Evernote, a popular mobile app, says it was hacked and is requiring all users to reset their passwords as a precautionary measure.
"We have found no evidence that any of the content you store in Evernote was accessed, changed or lost," the company says in a blog post. "We also have no evidence that any payment information for Evernote Premium or Evernote Business customers was accessed. The investigation has shown, however, that the individual(s) responsible were able to gain access to Evernote user information, which includes usernames, email addresses associated with Evernote accounts and encrypted passwords."
Evernote says it encrypts passwords. So even though its system was breached, hackers should not be able to see the passwords associated with a particular user.

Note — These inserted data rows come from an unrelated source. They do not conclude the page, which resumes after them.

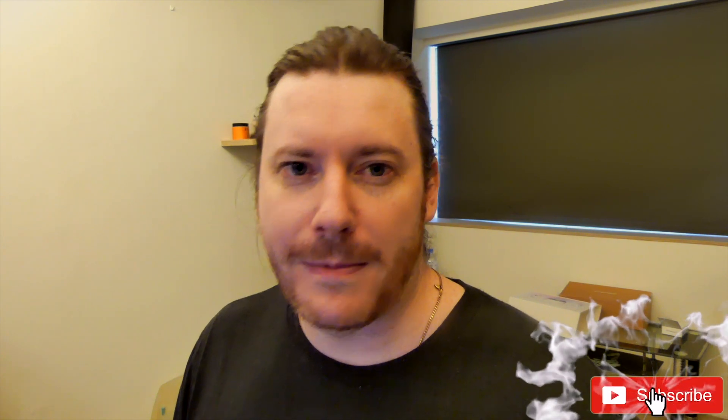Before we get into that, it really helps out the channel if you drop a like on this video, hit subscribe and turn on that bell if you want to be updated with new videos coming out like this all the time.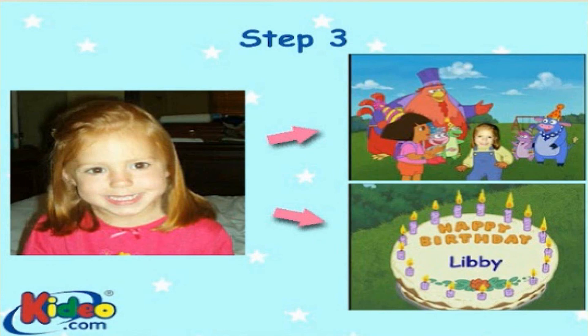We hope you and your family enjoy our products and thank you for visiting Kideo.com.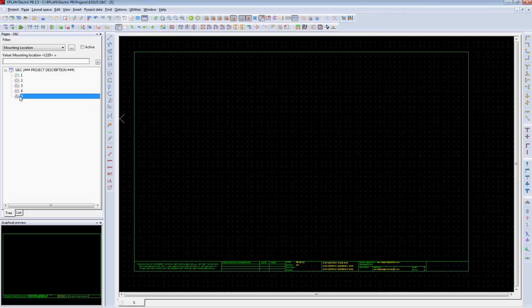In ePlan, the user has the ability to create what we call a single line diagram. A single line diagram means a connection representing multiple wires.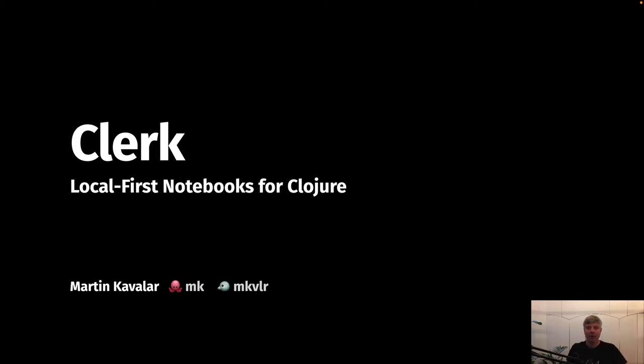Hi, I'm Martin. I'd like to talk to you about notebooks and the REPL. So as Clojurians, we all love the REPL, right? And of course, I mean a real editor-connected REPL into a running system.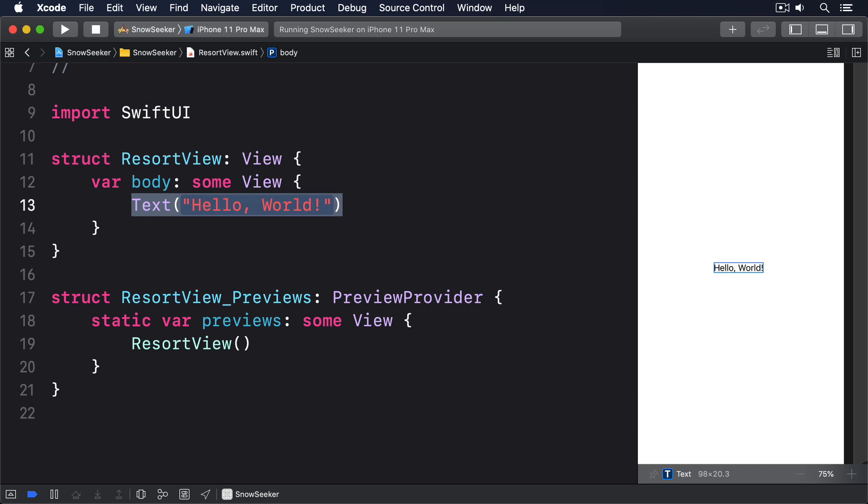To start with, our resort view layout is going to be pretty simple. Not much more than a scroll view, a VStack, an image and some text. The only interesting part is that we're going to show the resort's facilities as a single view using resorts.facilities.joined separator to get a single string. So replace the default resort view like this.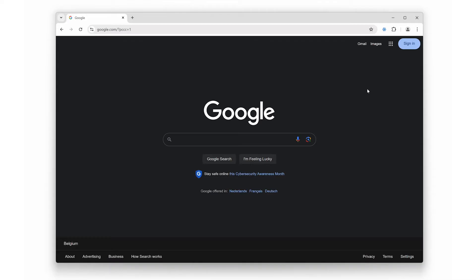Get ready to turn your browser into a cozy snowy wonderland. Snow is a fantastic browser extension that adds falling snowflakes to your screen, creating a delightful atmosphere while you work or browse the web. Let's check out some of its coolest features.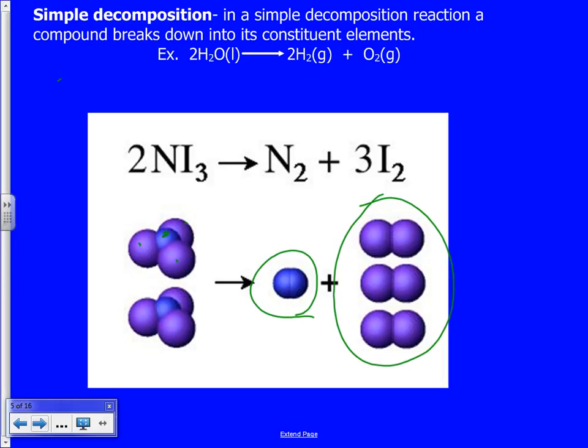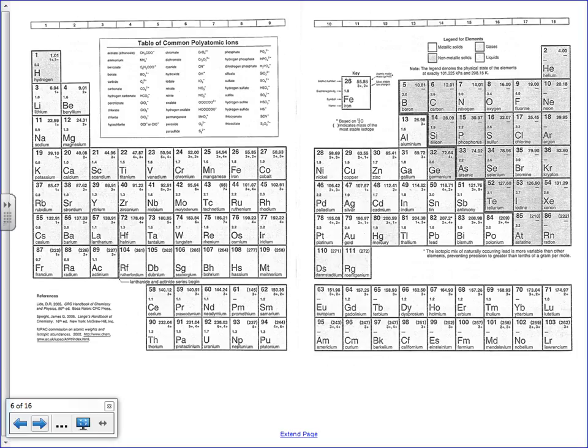Quick reminder on molecular elements: anything highlighted in green is a 2 — those are the binary molecular elements. Phosphorus comes as a 4, and sulfur comes as an 8. When they are by themselves they use that subscript; when they're in a compound they can be any number.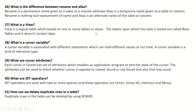What is a view? A view is a logical table based on one or more tables or views. The tables upon which the view is based are called base tables, and it doesn't contain data. What is a cursor variable? A cursor variable is associated with different statements which can hold different values at runtime — it is a kind of reference type. What are cursor attributes? Each cursor in Oracle has a set of attributes enabling an application program to test the state of the cursor — whether it is opened, closed, found, not found, and also to find the row count.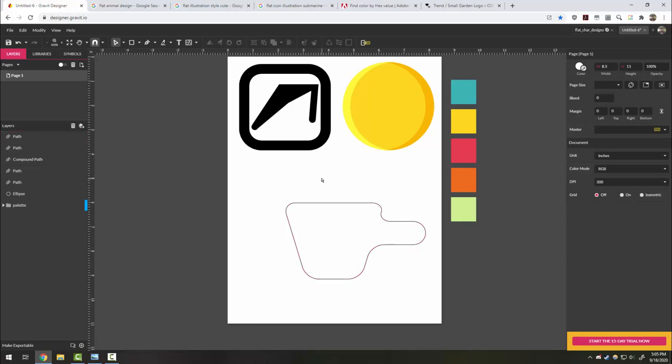In the next video we're going to look at how to make the paint can character. Thank you.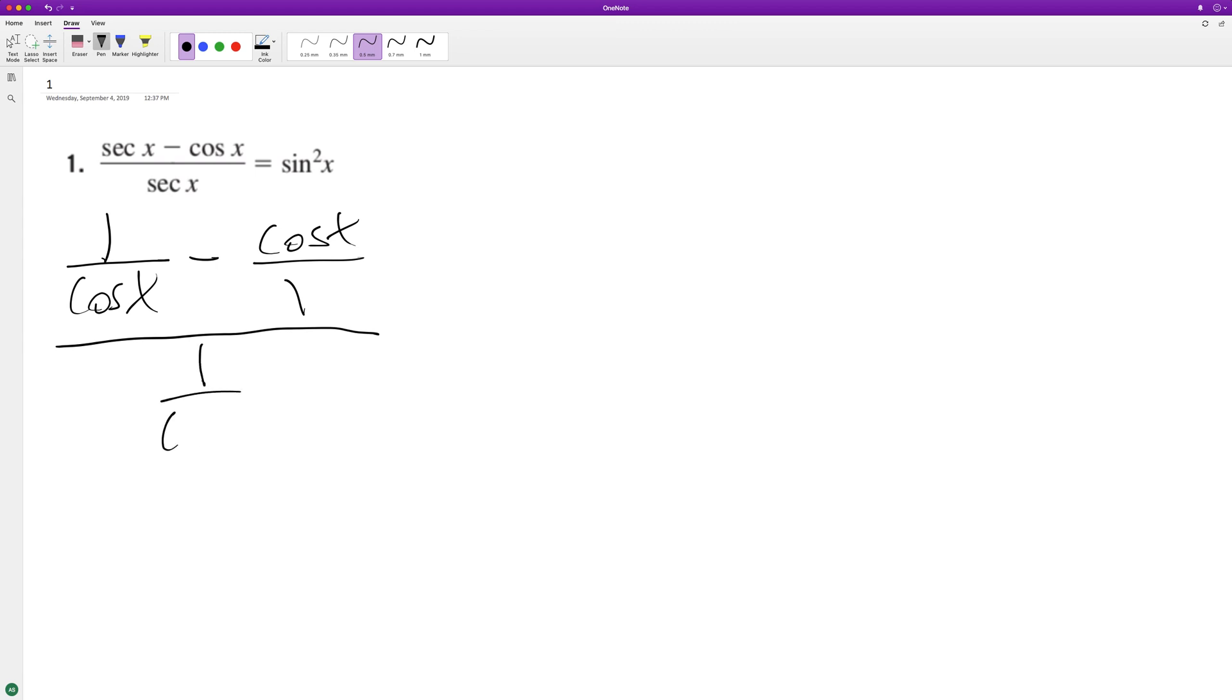Secant X is the same thing as 1 over cosine X. So when you divide by something, you can multiply by its reciprocal. So 1 over cosine X minus cosine X over 1, times the denominator.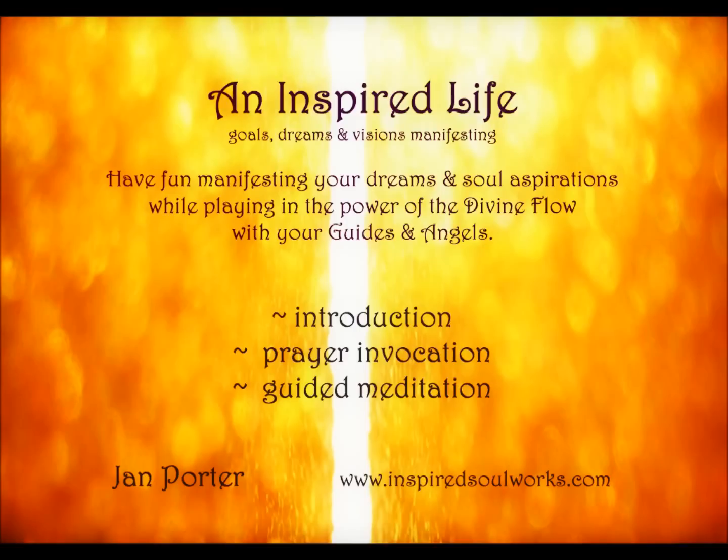The following is an excerpt from the Inspired Life Workshop, having fun manifesting your dreams and soul aspirations while playing in the power of the divine flow with your guides and angels.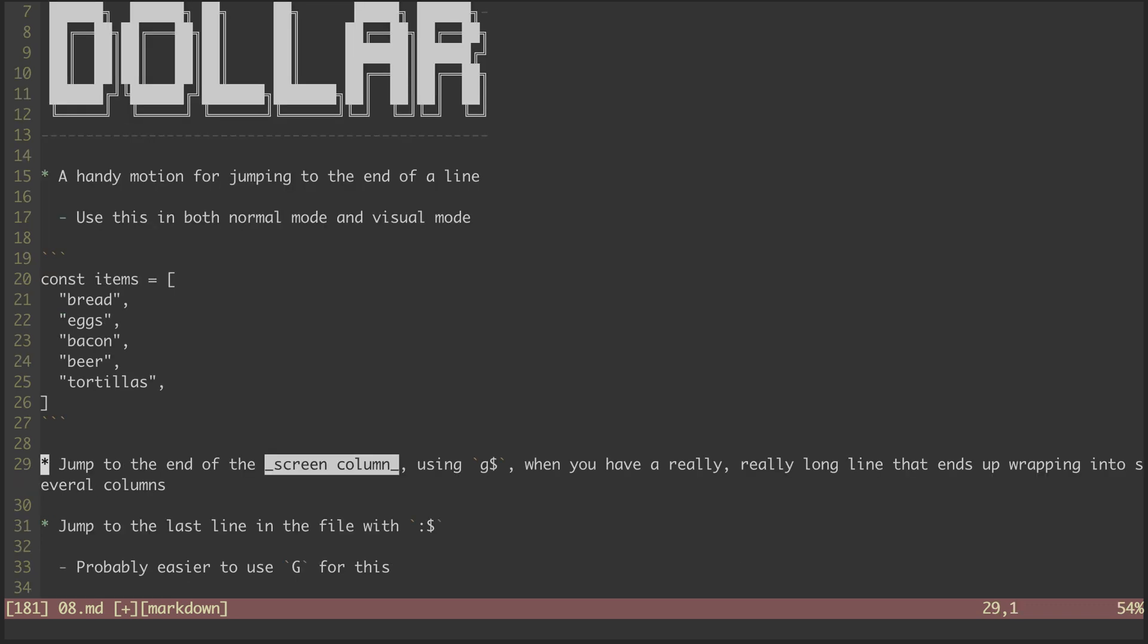Another motion that incorporates the dollar sign is G dollar sign. Whereas dollar sign on its own will jump to the end of an entire line, G dollar sign will jump to the end of a column.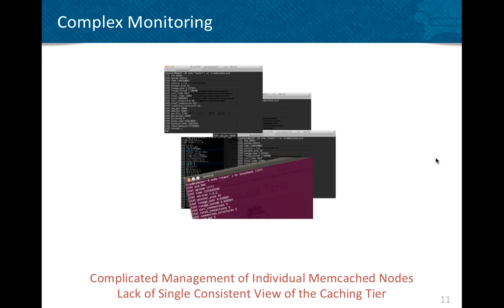Memcached is also complex to monitor. Since Memcached consists of individual nodes, management has to be done per node. There is a lack of a consistent view of the caching tier. If you go online, you'll find a bunch of different scripts and there's no consistent unified way to monitor the entire Memcached tier.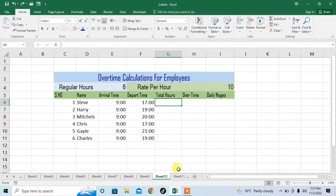Hello friends, this is Femi from your very own channel FemiHow. In this video tutorial you are going to learn how to calculate overtime and wages according to that overtime.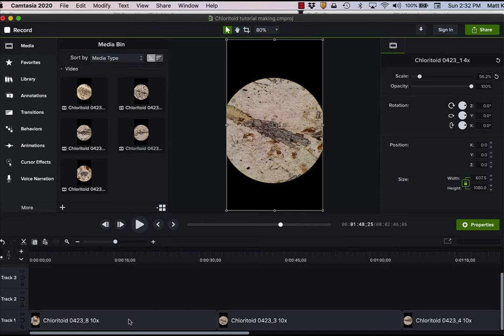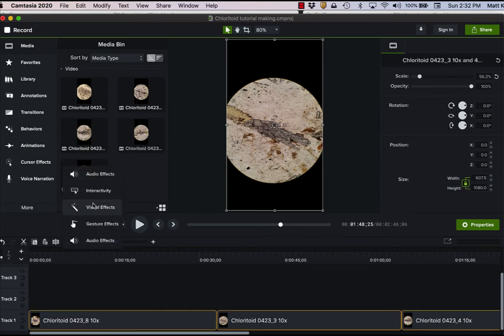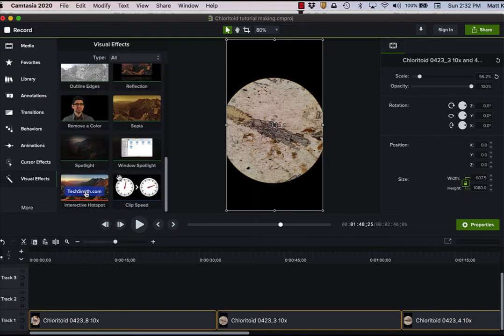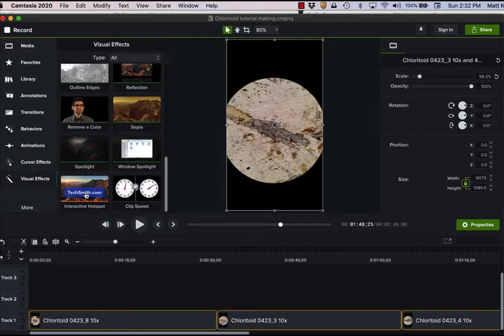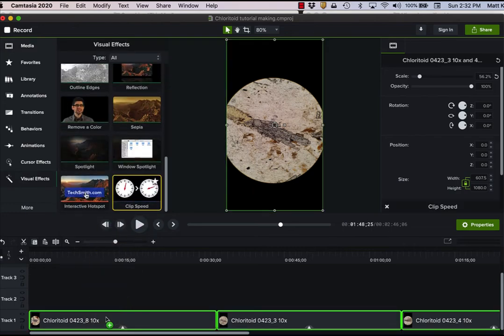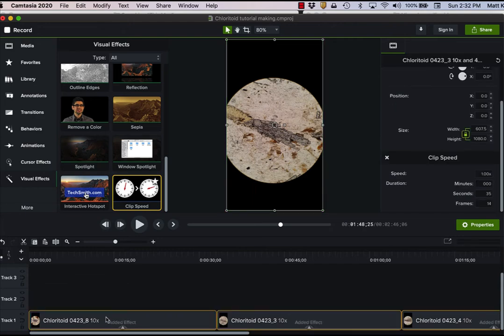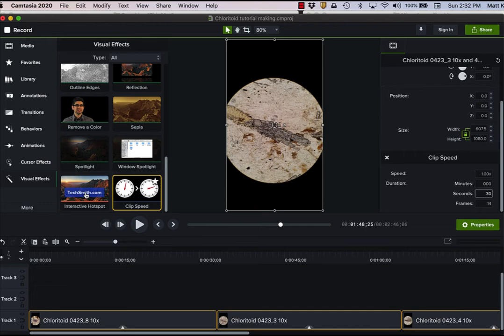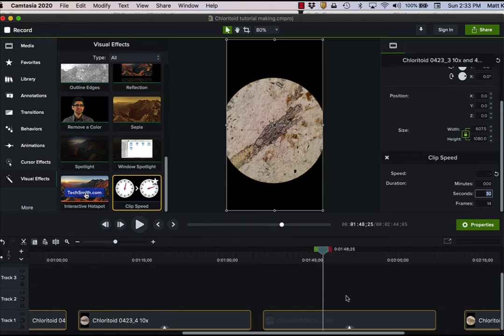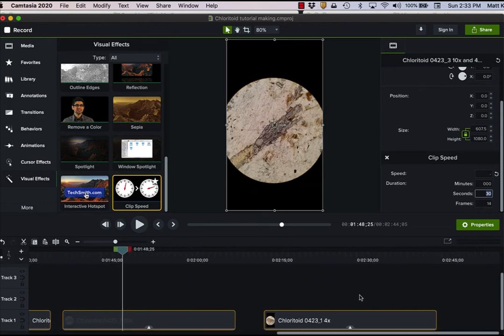So I've done that. Now what I do is I go to visual effects. I want all of the videos to be only 30 seconds long. So I drag this clip speed down on here. I change this to 30 seconds. That makes them all the same length.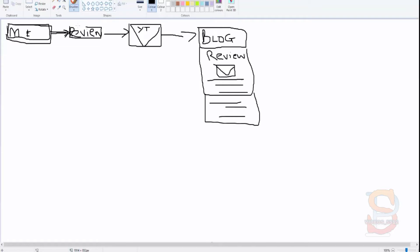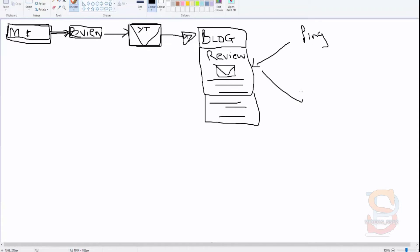Once you've posted your YouTube video to your blog, don't forget to ping your blog and also ping the video. When you ping the video and then embed it on the blog, it gives it extra SEO juice.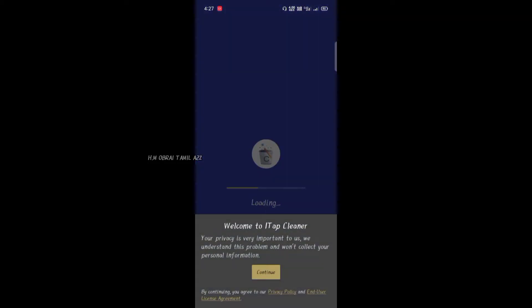Now we are going to open the window — welcome to One Tap Cleaner. This is the privacy section, which is important. We are going to go through the terms and conditions here. Now we are going to continue.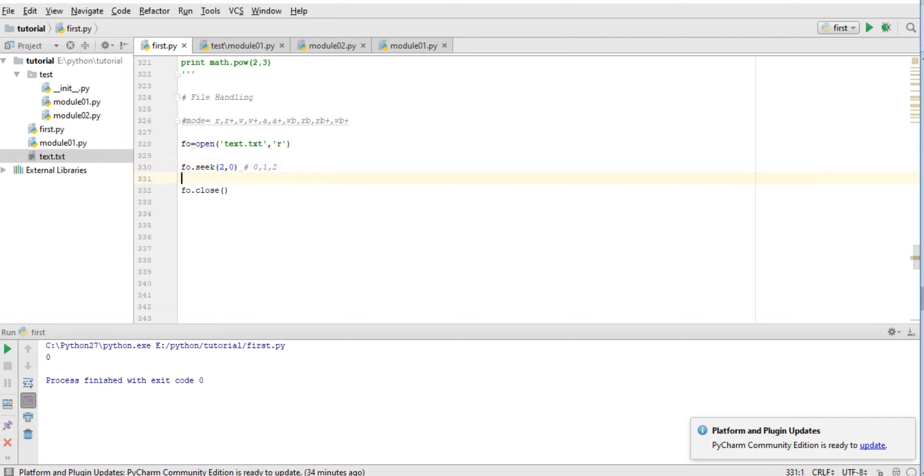So here I am starting from 0. Now fo.read(), print - 'name is Manish Kumar.' It started from 2. Now let me change this to 5. 'M is Manish Kumar' - so it's starting from the next offset value.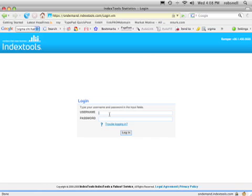All right, first thing you want to do is log in to Index Tools. Your login name is your name and your password is the password that I emailed you.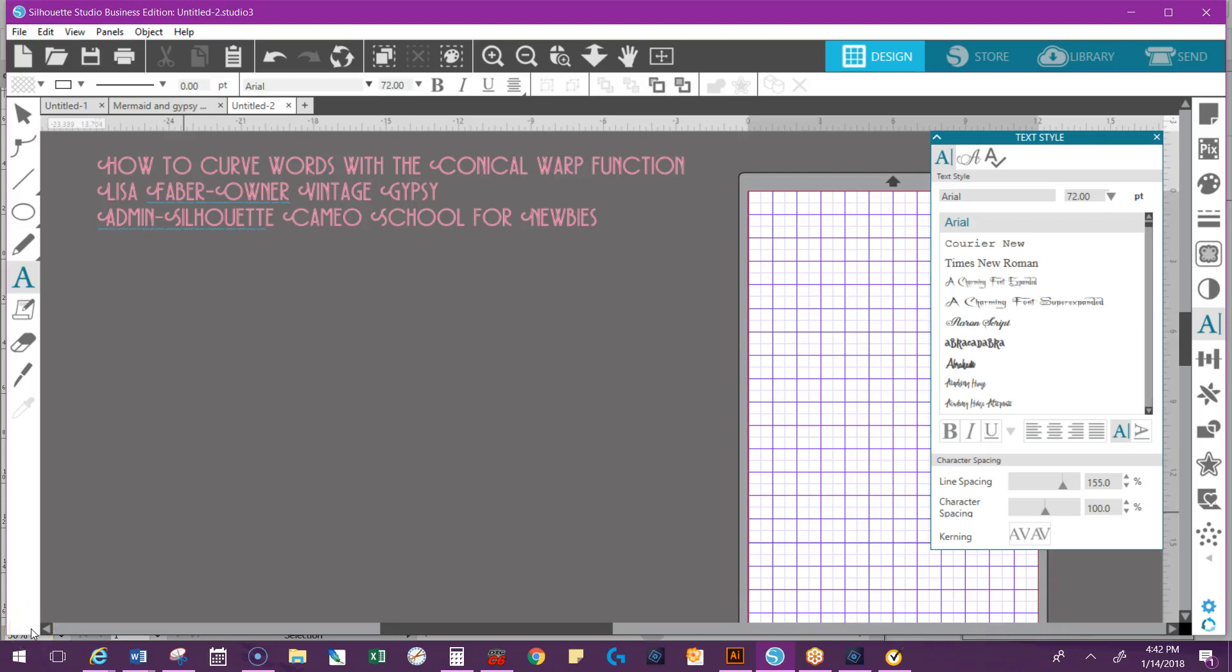Hey everybody, it's Lisa, the owner of Vintage Gypsy and I'm the admin of the Silhouette School for Newbies. I'm going to show you how to use the Conical Warp function.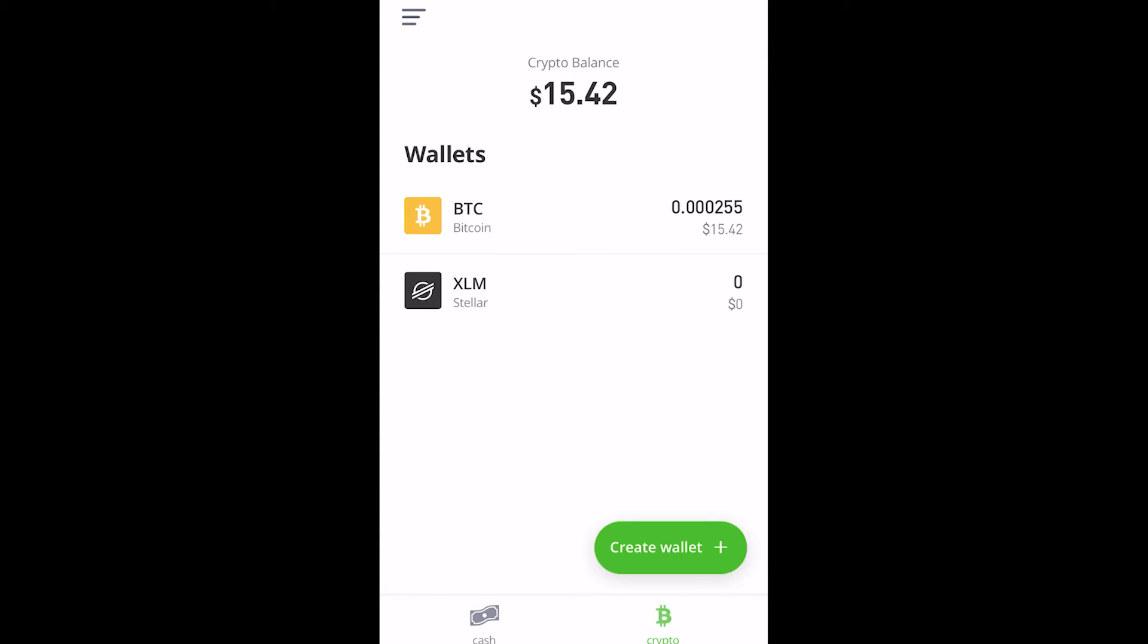In today's video I'll be showing you how you can transfer crypto from eToro to an external wallet like Metamask or Trust Wallet.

However, based on Evernote's blog today post and others in the past, content stored by Evernote is not encrypted. So the hackers would indeed have been able to see the content associated with a user's accounts.
This is the same issue, by the way, that led to my criticism of a popular tech writer's assessment several years ago of a file sharing service. I took the writer to task for saying that a free file sharing service had "very impressive" security, when the app was, in fact, not encrypting content stored on its servers. (For the record, the writer, Joel Bruckenstein, is very knowledgeable about advisor technology, and despite reports to the contrary, we like and respect each other. I just could not let that mistake pass because security is way too important an issue.)
Hopefully advisors are not posting personally identifiable information about clients on Evernote. If you are storing PII about clients on Evernote, you likely are legally obliged to disclose to clients that their data may have been breached.